● Exercise requirements
What follows is a set of records. Copy them exactly and leave out the images.

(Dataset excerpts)
-=-=-=-=-
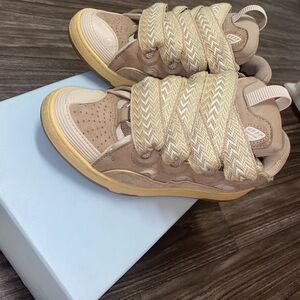 LANVIN *Curb Sneaker *Beige *38 (Worn a Few Times)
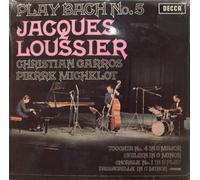 Jacques Loussier , Christian Garros , Pierre Michelot - Jacques Loussier , Christian Garros , Pierre Michelot - Play Bach No. 5 - Decca - SKL.5037, Decca - SKL 5037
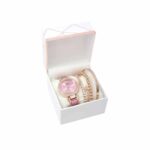 Poklon set ručni sat i narukvica roze Jasmine 505011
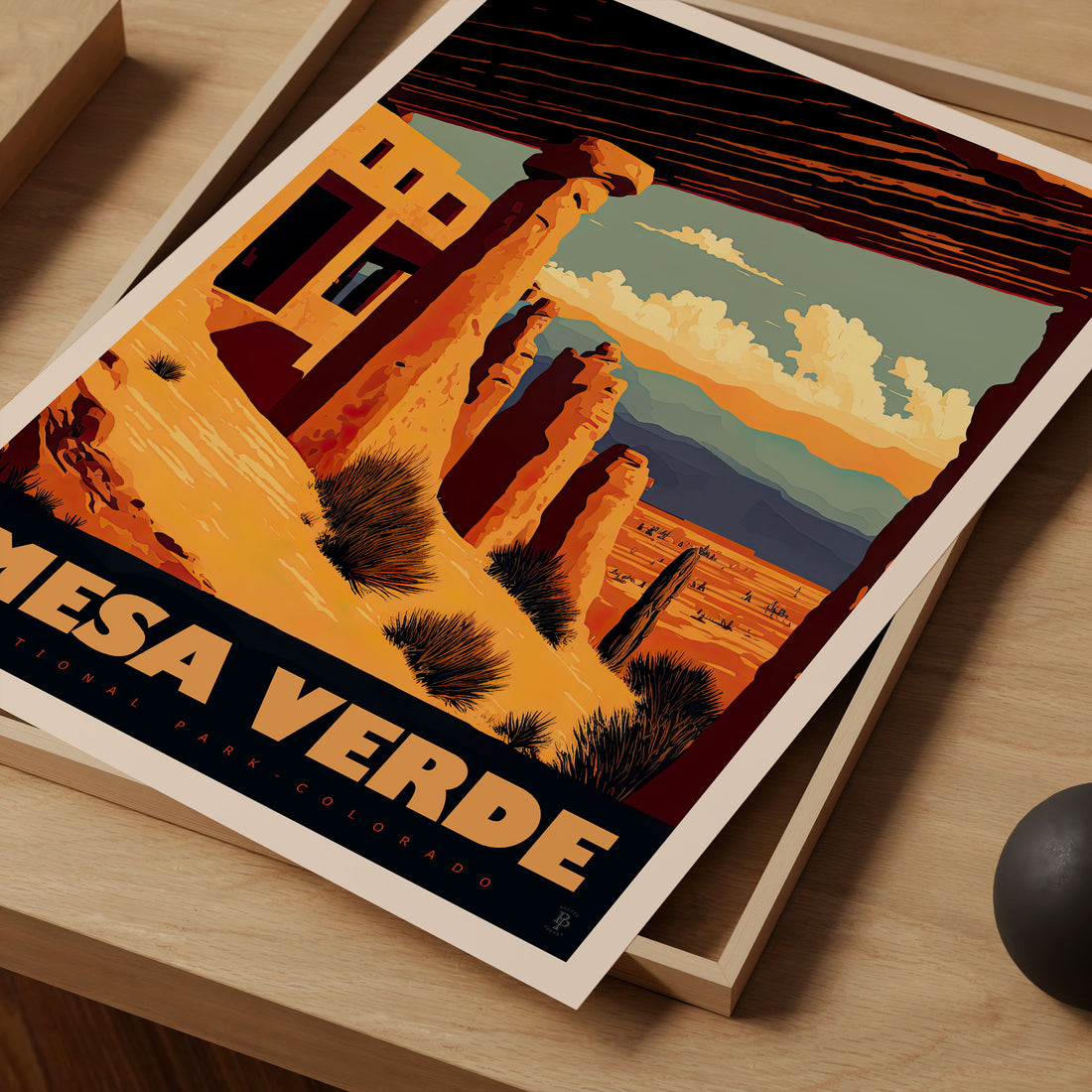 Mesa Verde National Park, Colorado Travel Poster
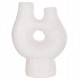 Επιτραπέζιο διακοσμητικό βάζο "NAMENTIS" από τερακότα σε χρώμα λευκό 26x15x32.5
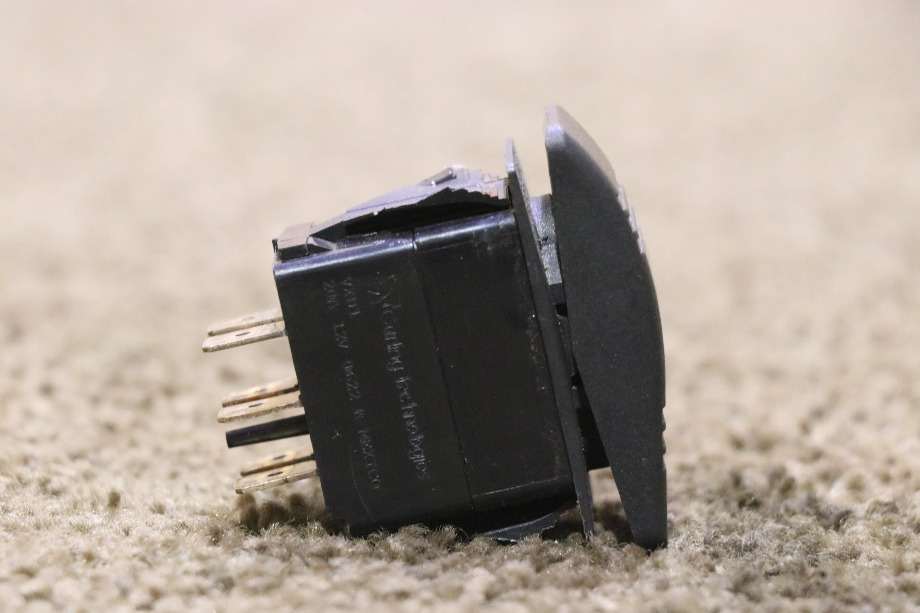 USED BLACK ROCKER VXD1 SWITCH MOTORHOME PARTS FOR SALE RV Components 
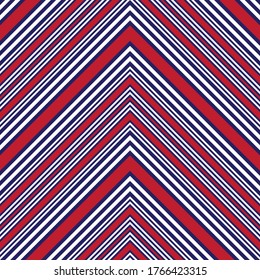 Blue Chevron diagonal striped seamless pattern background suitable for fashion textiles, graphics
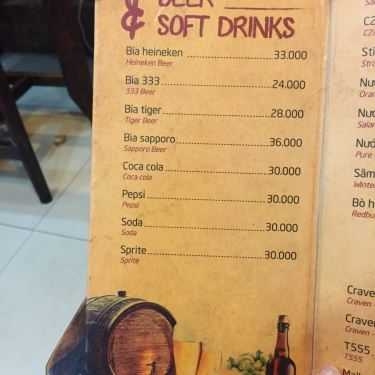 Thực đơn- HF Cafe & Cơm Trưa Văn Phòng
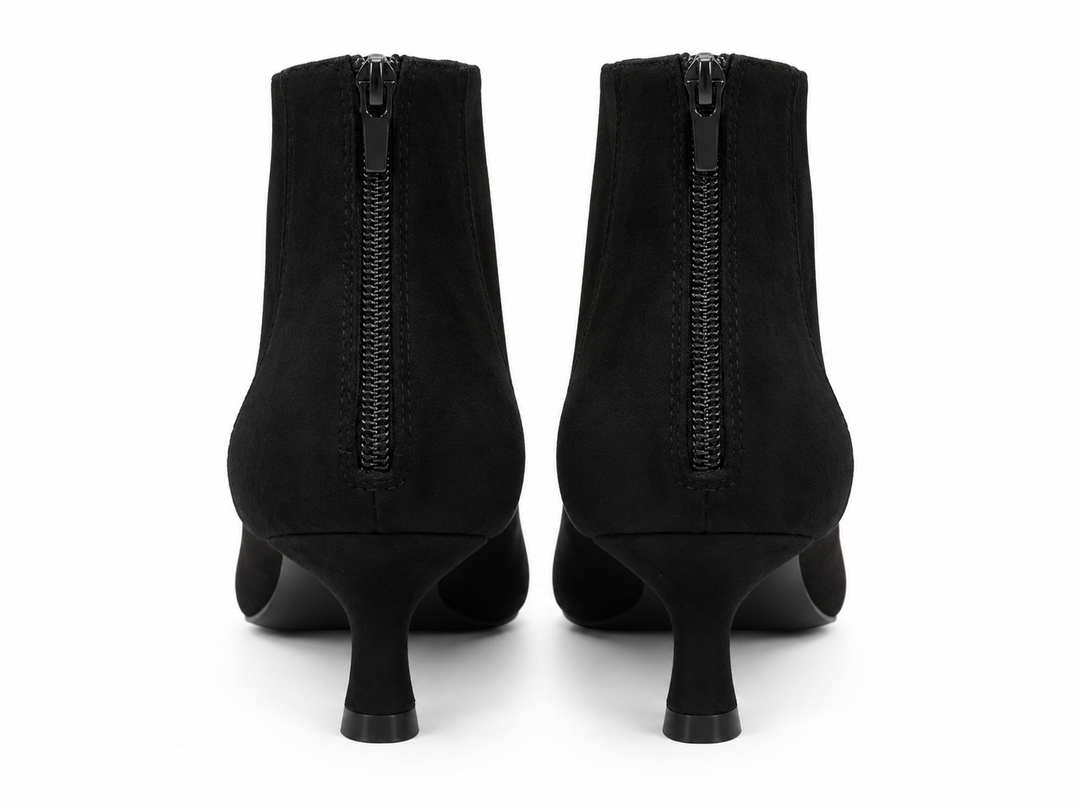 Kyra Faux Suede Ankle Boots Black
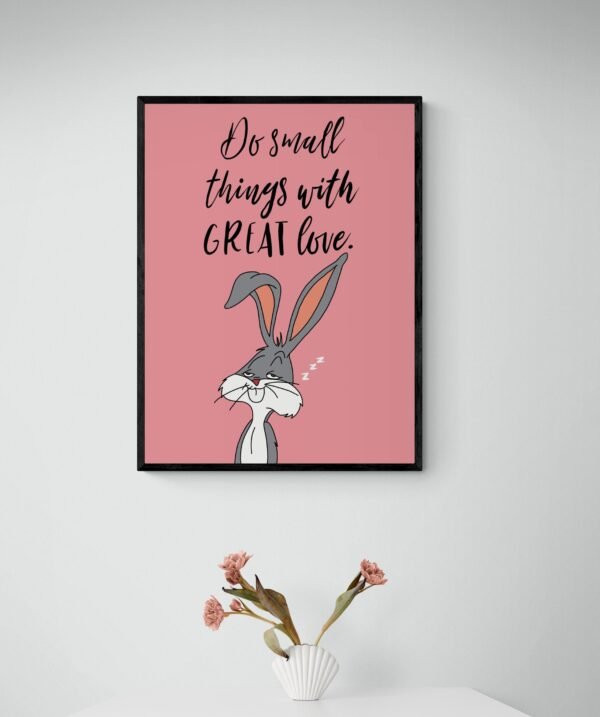 Do Small Things With Great Love, Love Quote Poster, Printable Wall Art, Cute Love Art Quote, Digital Download - Image 2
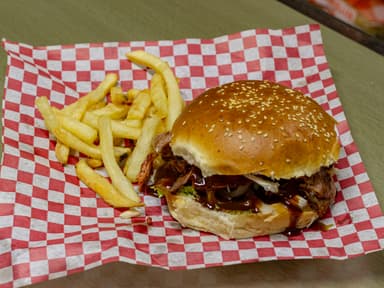 Hamburguesa bacon bbq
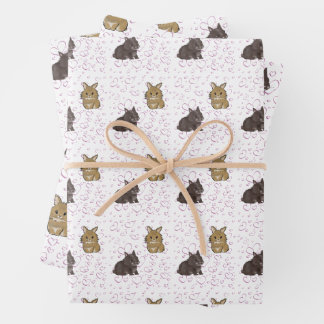 Lionhead bunnies  geschenkpapier set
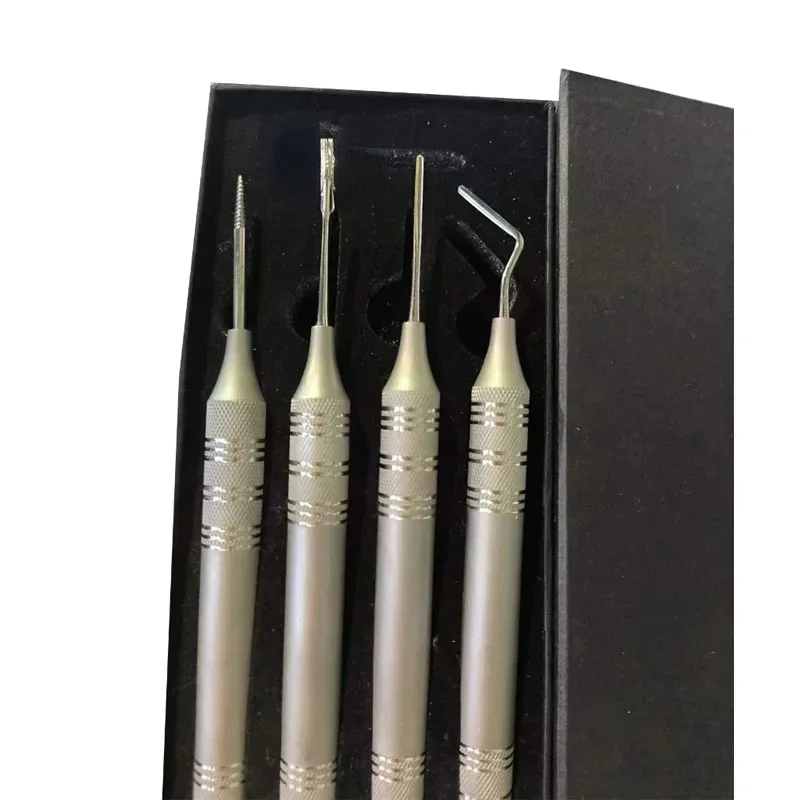 Herramienta de extracción Dental, Kit de potencia de periotomo flexible, Instrumentos dentales, 4 piezas/setDental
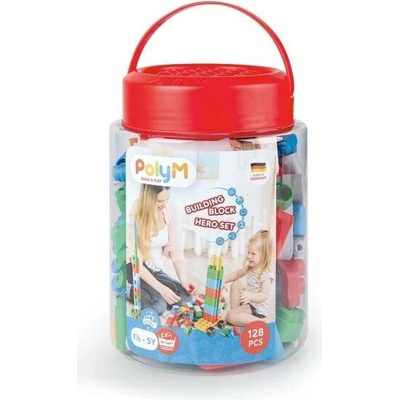 Hape Stavebnica PolyM 128 ks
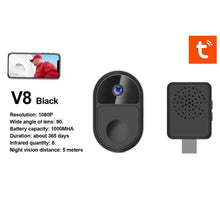 Cargar imagen en el visor de la galería, Timbre de puerta Wifi 1080P impermeable en tiempo Real Tuya timbre inteligente intercomunicador inalámbrico timbre de puerta intercomunicador cámara MOD T1 T2
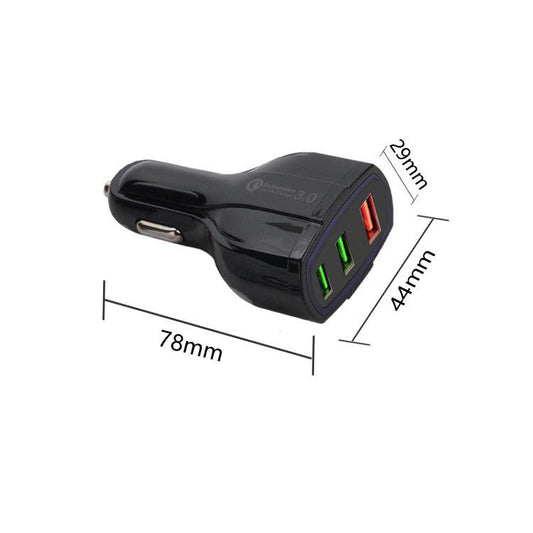 HKM-005459 Universal Car Electronic Charger with Multiple USB Outputs, Input Voltage 12-32V, 7000mA Current, and Adjustable Voltage Options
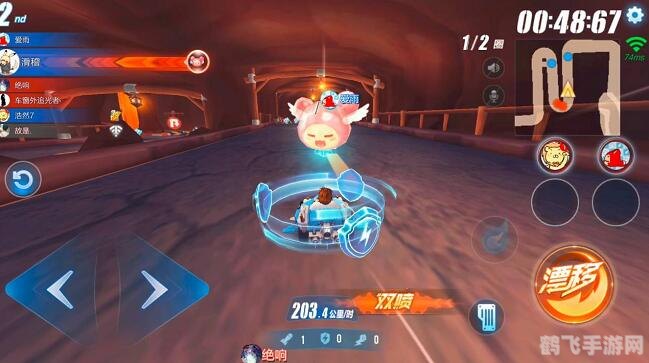 QQ飞车手游,小橘子钓金鱼,乐趣与技巧并存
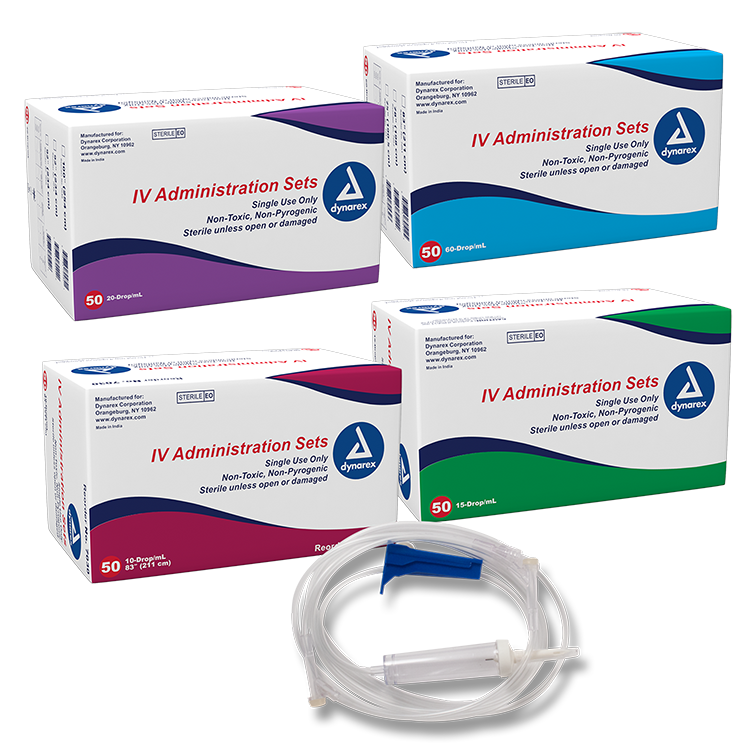 Dynarex IV Administration Sets (50 Count)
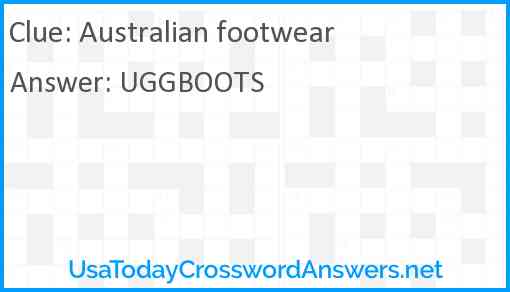 Australian footwear Answer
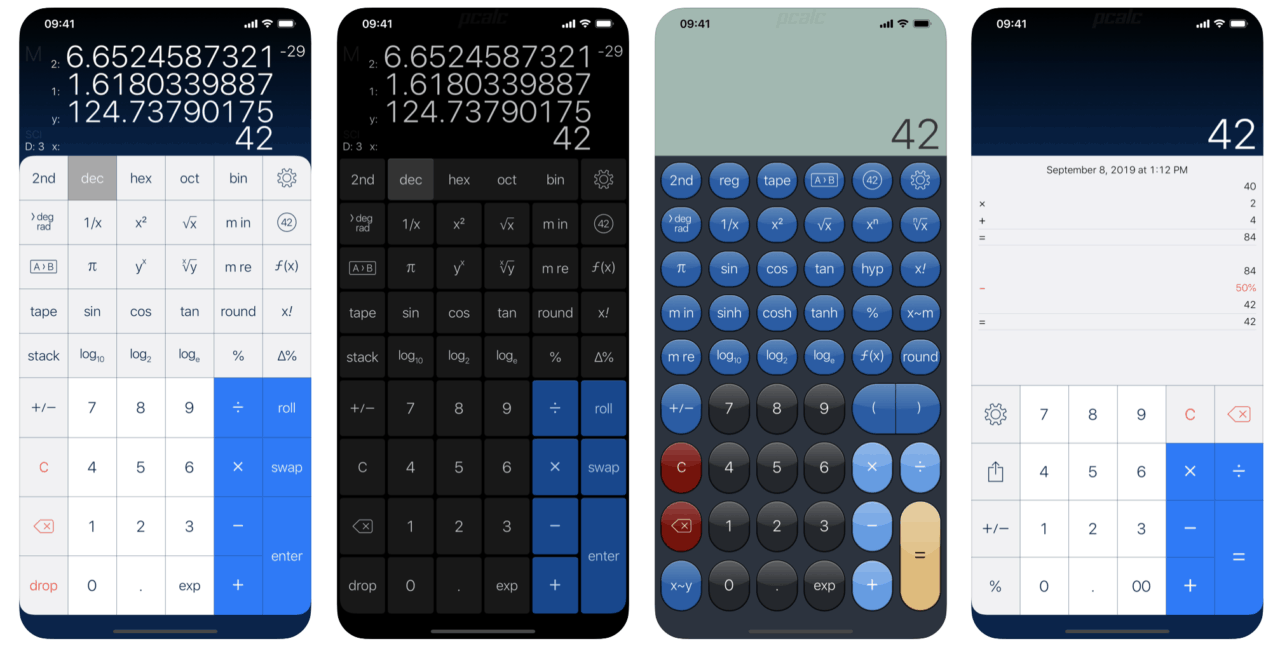 pcalc uygulaması ekran görüntüsü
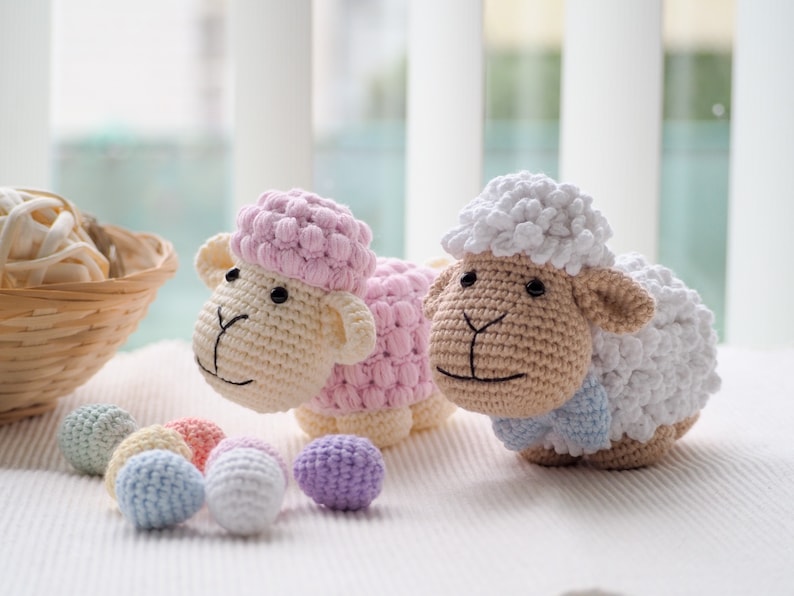 Crochet Easter Decoration: bunnies, sheep's, chick and eggs, Pattern, PDF, English, Easter toys, Amigurumi, Handmade, Easter ornaments image 6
-=-=-=-=-
● Exercise solution
 LANVIN *Curb Sneaker *Beige *38 (Worn a Few Times)
 Jacques Loussier , Christian Garros , Pierre Michelot - Jacques Loussier , Christian Garros , Pierre Michelot - Play Bach No. 5 - Decca - SKL.5037, Decca - SKL 5037
 Poklon set ručni sat i narukvica roze Jasmine 505011
 Mesa Verde National Park, Colorado Travel Poster
 Επιτραπέζιο διακοσμητικό βάζο "NAMENTIS" από τερακότα σε χρώμα λευκό 26x15x32.5
 USED BLACK ROCKER VXD1 SWITCH MOTORHOME PARTS FOR SALE RV Components 
 Blue Chevron diagonal striped seamless pattern background suitable for fashion textiles, graphics
 Thực đơn- HF Cafe & Cơm Trưa Văn Phòng
 Kyra Faux Suede Ankle Boots Black
 Do Small Things With Great Love, Love Quote Poster, Printable Wall Art, Cute Love Art Quote, Digital Download - Image 2
 Hamburguesa bacon bbq
 Lionhead bunnies  geschenkpapier set
 Herramienta de extracción Dental, Kit de potencia de periotomo flexible, Instrumentos dentales, 4 piezas/setDental
 Hape Stavebnica PolyM 128 ks
 Cargar imagen en el visor de la galería, Timbre de puerta Wifi 1080P impermeable en tiempo Real Tuya timbre inteligente intercomunicador inalámbrico timbre de puerta intercomunicador cámara MOD T1 T2
 HKM-005459 Universal Car Electronic Charger with Multiple USB Outputs, Input Voltage 12-32V, 7000mA Current, and Adjustable Voltage Options
 QQ飞车手游,小橘子钓金鱼,乐趣与技巧并存
 Dynarex IV Administration Sets (50 Count)
 Australian footwear Answer
 pcalc uygulaması ekran görüntüsü
 Crochet Easter Decoration: bunnies, sheep's, chick and eggs, Pattern, PDF, English, Easter toys, Amigurumi, Handmade, Easter ornaments image 6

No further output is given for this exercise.